Диалог с Богом. История противостояния и взаимодействия человечества с Творцом - стр. 8
В детстве мы разыгрываем истории, забывая обо всем на свете. Даже повзрослев, мы увлекаемся историями, предстающими на сцене, на экране, в художественных произведениях, поскольку нет никаких иных знаний, которые были бы для нас нужнее, чем знания о том, как создавать, проверять и улучшать иерархию ценностей – структурную основу, предназначенную для осмысления фактов, важных для нас. Так мы со временем начинаем, в экзистенциальном смысле, выстраивать мир, в котором живем, и создаем свою реальность. Так мы движемся вперед – и даже решаем, какой смысл вкладывать в эти слова. Мы видим, как герой стремится к высшей цели, утверждает истину ценой своей жизни, жертвует во имя лучшего, благородно противостоит «пращам и стрелам яростной судьбы» – и все же сохраняет свою цельность. Мы следим за тем, как перед ним раскрывается мир и как объекты, важные в его странствии, становятся помощниками или преградами на его пути. Нам интересно, как друзья, которых он находит в странствии, приносят жертвы, чтобы его поддержать, и это доставляет нам радость. Мы видим, как его враги обманывают, крадут, предают, лгут, терпят крах, и чувствуем, что правосудие свершилось – или становимся свидетелями их торжества и возмущаемся, решив, что нас обманули. В двух словах, мы очарованы обладателями возвышенных стремлений – и если мы отважны, то желаем, чтобы нами овладел их дух.
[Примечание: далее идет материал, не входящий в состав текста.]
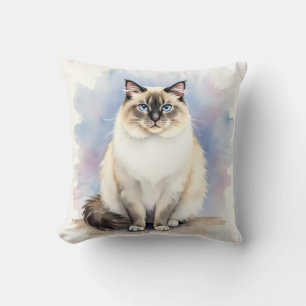 Ragdoll-Katze Aquarell Traum Wolken Kunst Kissen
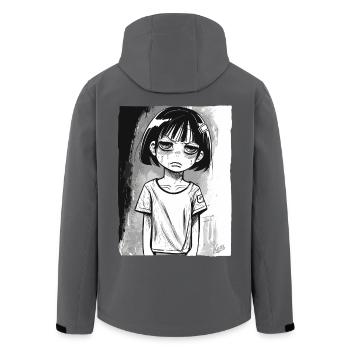 Cartoon-Alternativ-Mädchen - Recycelte Männer Softshell-Jacke von Stanley/Stella - Anthrazit - Hinten - AI Model Male 185 light (185cm)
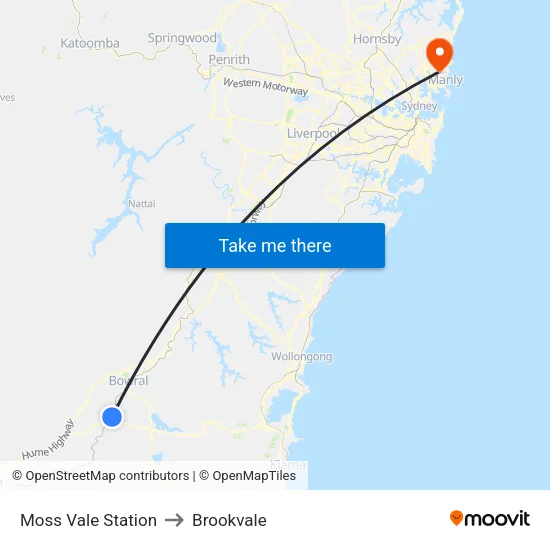 Moss Vale Station to Brookvale map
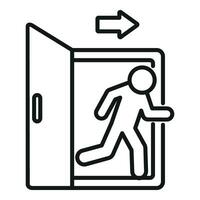 Exit door icon outline vector. Help people vector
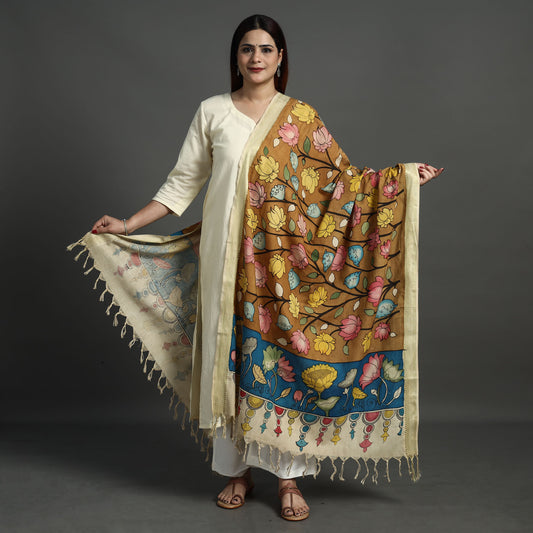 Brown - Srikalahasti Pen Work Kalamkari Cotton Handpainted Zari Border Dupatta with Tassels 115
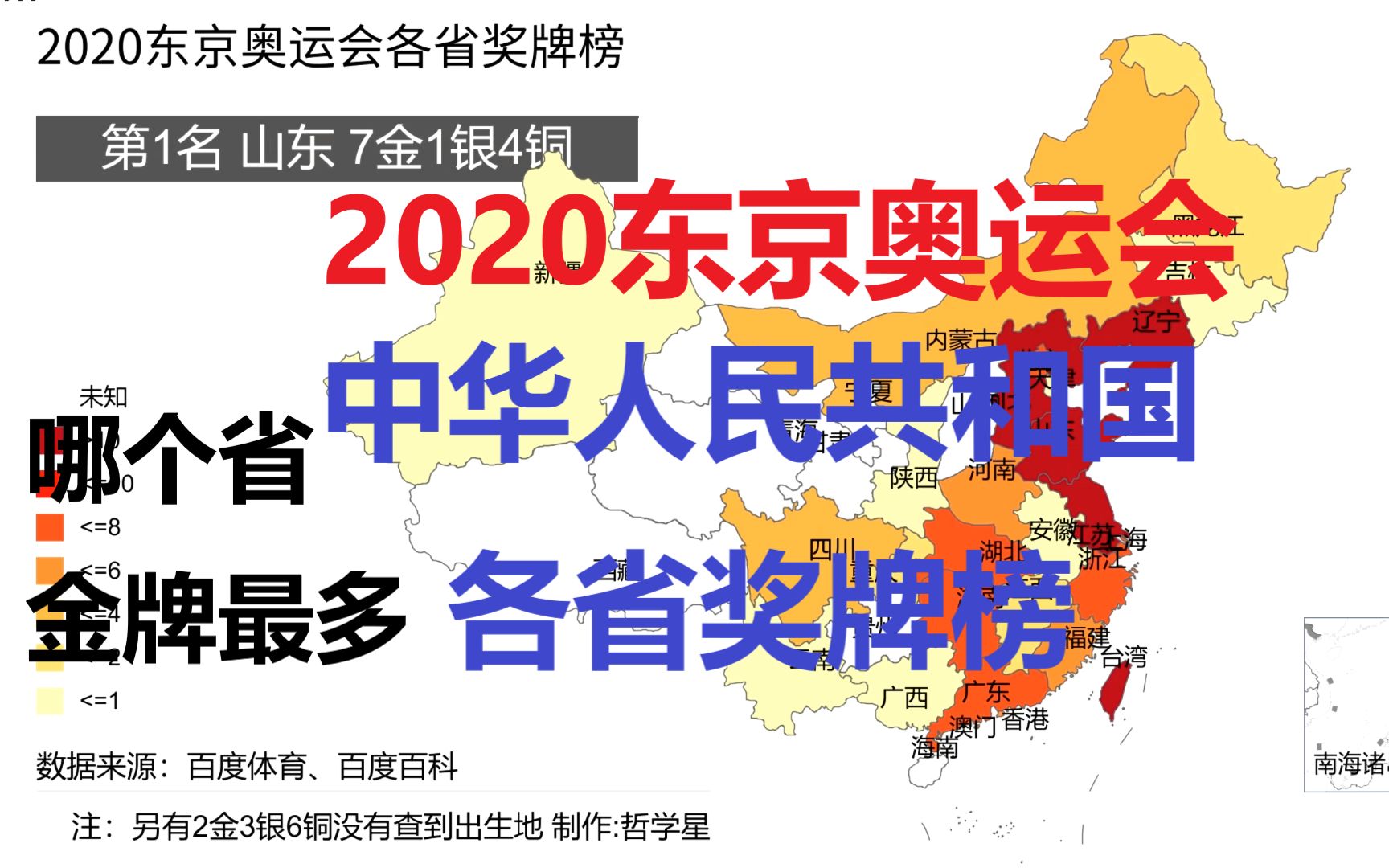 【数据可视化】2020东京奥运会中国各省奖牌榜哔哩哔哩bilibili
Мы стремимся – или надеемся – увидеть то, что видят они, испытать их чувства, выучить их уроки, укрывшись в безопасном мире фантазии. В этом и состоит ценность вымысла: он позволяет нам экспериментировать с ценностями, ничем не рискуя, а игра, формирующая наше восприятие, проходит наиболее безопасно и эффективно.
Мы ставим самое ценное – желанную цель, искомое благо, – на вершину, на высшее место, на самый высокий пьедестал. Пусть даже только на мгновение, но мы настраиваемся на цель, которую считаем главной. Мы думаем лишь о том, что полагаем достойным внимания и усилий. Мы постулируем благо – которое, по крайней мере, лучше исходного. Это акт веры, поскольку благо может быть где-то еще; и в то же время это жертва, поскольку в погоне за определенным благом мы отказываемся от всех остальных. Каждый акт восприятия сверяется с этой изначальной, определяющей верой. При этом шагом к цели – земле обетованной – становится даже само решение, устанавливающее рамки интерпретации, поскольку такое восприятие зависит от действия – неотъемлемой части наших странствий. Цель очерчивает вокруг нас моральный ландшафт, где конечный пункт представляется наивысшим воображаемым благом, – по крайней мере там и тогда, где это, в силу намерения, кажется нам уместным. Цель наделяет мир смыслом, определяет приоритеты и даже способ ее восприятия. Она открывает путь и указывает наиболее вероятный маршрут, способный привести нас туда, куда мы решили отправиться. Именно в виде цели, в ее зримом воплощении, в форме погони за ней, ставшей смыслом наших действий, перед нами предстает и характер.
Это ставит перед нами очень важные вопросы. Если мы видим и должны видеть мир сквозь призму истории, если он сам открывает себя в ее форме – тогда что это за история? Как верно выразить наши цели, наши самые сокровенные искушения, наши достойнейшие стремления к высшему? Что здесь имеет значение и что можно и стоит игнорировать? Чему нам посвятить свое ценнейшее внимание? Каких целей нам достигать? Какую неудобную правду извечно пытается раскрыть наша совесть? Как выглядит иерархия ценностей, в рамках которой раскрывается самый плодотворный, самый изобильный, самый устойчивый мир? Иными словами, в чем суть настоящей истории нашей жизни, – что она собой представляет и какой ей следует быть? Это рассказ о наших самых благородных порывах, о наших самых главных отношениях, и в то же время – о наших истинных основах. Поэтому она, как и должно быть, оказывается описанием божественного, или Бога – о чем настоятельно повторяет Библия. Но в чем же ее смысл?